In October 1127 the Templars were granted a house, grange and meadow at Barbonne, in western Champagne. At roughly the same time they were awarded an income drawn from feudal reliefs in Flanders. In the spring of 1128, while Hugh was in Anjou to witness Count Fulk taking the cross, the Templars secured land in the neighbouring county of Poitou. Donations were sent from as far afield as Noyon, a church north of Paris, and Toulouse, a day’s ride from the Pyrenees.

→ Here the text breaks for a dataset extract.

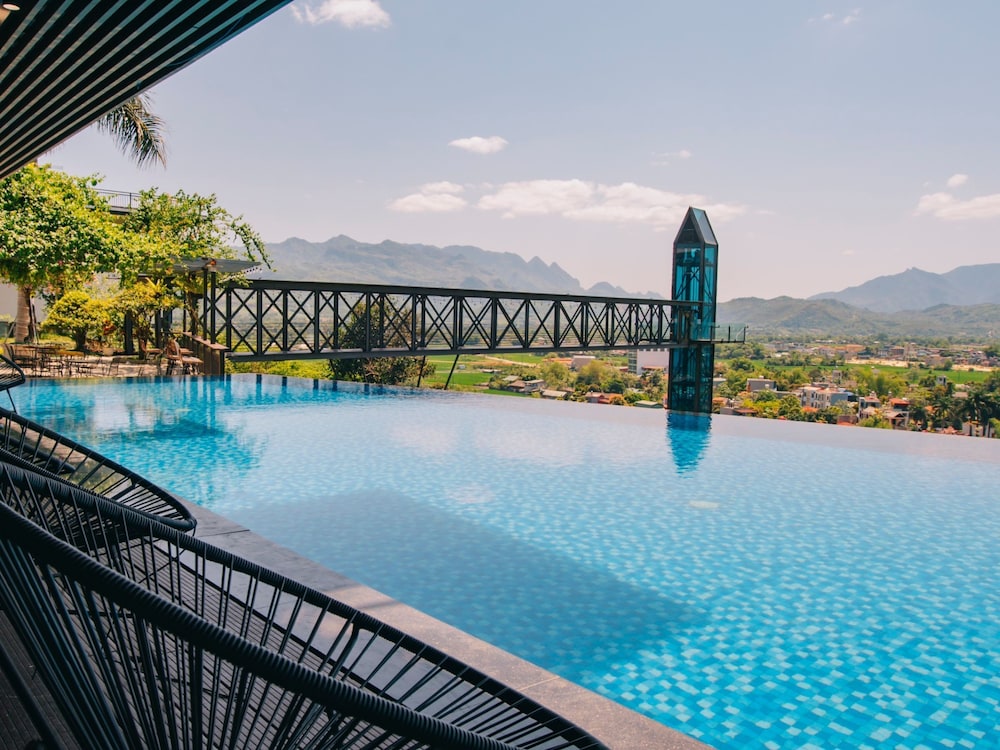 Dragonfly Hotel Nghia Lo Free Sauna & Onsen — hotel in Yen Bai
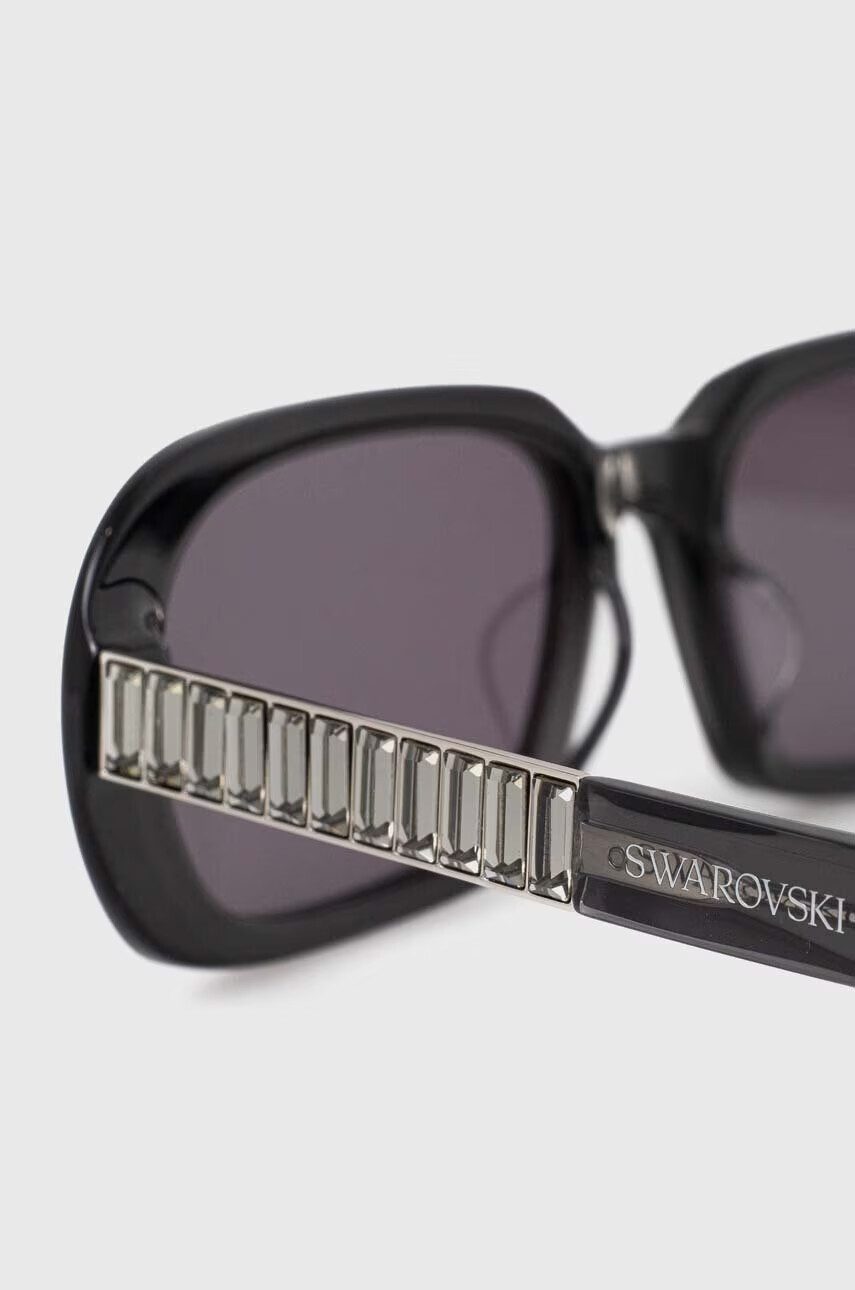 Swarovski Слънчеви очила 56499035 MATRIX в черно - Pepit.bg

It is worth noting that Hugh was not yet attempting to set up a western branch of the fledgling order. His military concerns lay in the east and his chief goal lay in building a network of patronage, capital and personal interest that would bridge the 2,000 miles (3,220 km) between the wealthy estates of central France and the dangerous plains and mountains of Syria and Palestine.21
One more purpose behind Hugh’s journey could be satisfied neither by grants of wealth nor by pledges of military assistance. As King Baldwin’s letter of 1126 had intimated, what the Templars desired above all was c
onfirmation by the pope of their order’s legitimacy, and a formal Rule under which they would live. In January 1129 a great ecumenical council gathered in Troyes, in Champagne – conveniently located just 50 miles (80 km) north-west of that austere Cistercian monastery on the River Aube where Bernard of Clairvaux prayed and watched the energetic activities of his fellow countrymen with growing interest.
*
The Council of Troyes formally assembled for its first session on Sunday 13 January 1129. It was a meeting of friends and colleagues, mostly from the north-east of France. The seat of the count of Champagne, Troyes was a a prestigious commercial hub whose skyline was dominated by two great religious buildings: the Romanesque cathedral of St Peter and St Paul, and the Abbey of St Loup, a famously learned house of Augustinian canons. The city had, until recently, been the home of the great crusader lord Hugh, count of Champagne, who had donated the land for the foundation of the abbey of Clairvaux. This was the self-same Hugh who, as a former overlord (and possibly relative) of Hugh of Payns, had resigned his title in 1125 and joined the Order of the Temple in Jerusalem (Bernard of Clairvaux had written to commend him around the time of his abdication: ‘you from being a count have become a simple soldier, from being a rich man have become poor’).22 When the council assembled in 1129 Hugh remained in the Holy Land, but it was his connections and wealth that had drawn together the master of the Temple and the abbot of Clairvaux.
The council was presided over by a papal legate, Matthew, bishop of Albano, representing Pope Honorius II. Twenty other churchmen attended: two archbishops, eleven bishops and seven abbots. Almost all were from Champagne or nearby Burgundy, as were the two leading noblemen present: Theobald, count of Champagne and William, count of Nevers.23 The majority of the abbots were Cistercians.